Cada um dos doze filhos de Israel/Jacó recebeu uma bênção do pai pouco antes da morte deste. Esses filhos se tornaram os progenitores das doze tribos de Israel, e a bênção continha informações proféticas sobre o futuro de cada tribo. No caso da tribo de Judá, Jacó profetizou: “Judá, teus irmãos te louvarão; teu braço estará sobre o pescoço dos teus inimigos; os filhos do teu pai se inclinarão diante de ti. Tu és um leãozinho, ó Judá; voltas da presa, meu filho. Como um leão, ele se ajoelha e se deita, como uma leoa – quem ousará despertá-lo? O cetro não se apartará de Judá, nem o bordão do governante de entre seus pés, até que venha aquele a quem pertence e a obediência das nações lhe seja dada. Ele prenderá seu jumento a uma videira, seu potro à melhor das videiras; lavará suas vestes com vinho, suas roupas com o sangue das uvas. Seus olhos serão mais escuros que o vinho, seus dentes mais brancos que o leite.”
Cada parte da profecia para a tribo de Judá revela algo sobre o povo daquela linhagem, sua história e a aplicação espiritual que podemos tirar dela. No verso 8, Jacó profetiza que os irmãos de Judá o louvariam. O nome Judá significa “louvor” e foi dado por sua mãe, cujo coração transbordava de exaltação a Deus em seu momento de concepção. A força e o poder da tribo também são anunciados nesse mesmo verso, e o verso 9 utiliza a imagem de um leão e de um leãozinho para retratar essa tribo: Judá é comparado a um jovem leão por sua força, coragem e vitalidade, e a um leão maduro, visto que a linhagem de Judá incluiu figuras de destaque nacional e realeza, como Davi e Salomão.

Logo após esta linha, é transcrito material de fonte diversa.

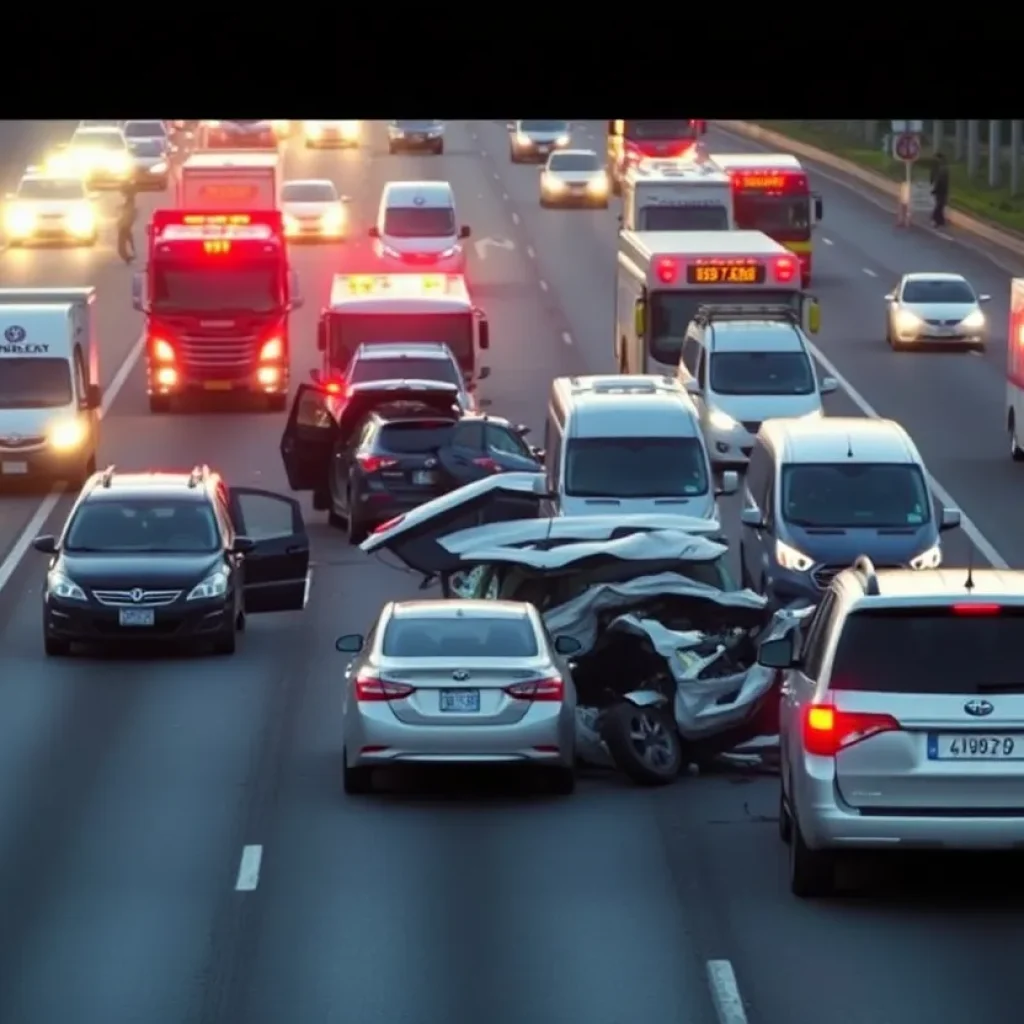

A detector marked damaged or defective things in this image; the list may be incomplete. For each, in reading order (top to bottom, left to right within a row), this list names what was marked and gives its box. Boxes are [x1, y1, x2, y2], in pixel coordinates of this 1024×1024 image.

wrecked silver car [362, 475, 806, 786]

O fato do cetro não se afastar de Judá até que “venha aquele a quem pertence” é interpretado como uma profecia messiânica. Em algumas traduções, o nome “Shiloh” aparece neste verso, fazendo referência ao Messias. Embora haja divergências entre os comentaristas quanto ao significado exato dessa passagem, todos concordam que Aquele que vem para obter a obediência das nações não pode ser outro senão Cristo. Já os versos 11–12 falam da grande abundância de riquezas que pertenceriam à tribo de Judá, ilustrando uma prosperidade tão grandiosa que permitiria, por exemplo, prender um jumento à melhor videira para que este se alimentasse à vontade.
A aplicação espiritual desses versículos também se estende aos cristãos de hoje, ressaltando a abundância de riquezas espirituais disponíveis em Cristo. Essa grande quantidade de bênçãos espirituais, que flui do amor de Deus e chega a nós por meio de Cristo, é comparada à doçura do vinho e à pureza do leite. Entre essas riquezas estão a Palavra de Deus, Seus estatutos e o próprio Cristo, o Pão da Vida. Essa imagem também remete à natureza de Cristo, cuja humanidade foi como uma vestimenta impregnada de sangue devido aos Seus sofrimentos e morte. Além disso, a passagem pode se referir à Igreja e ao Seu povo, cujas vestes são lavadas e purificadas pelo sangue do Cordeiro.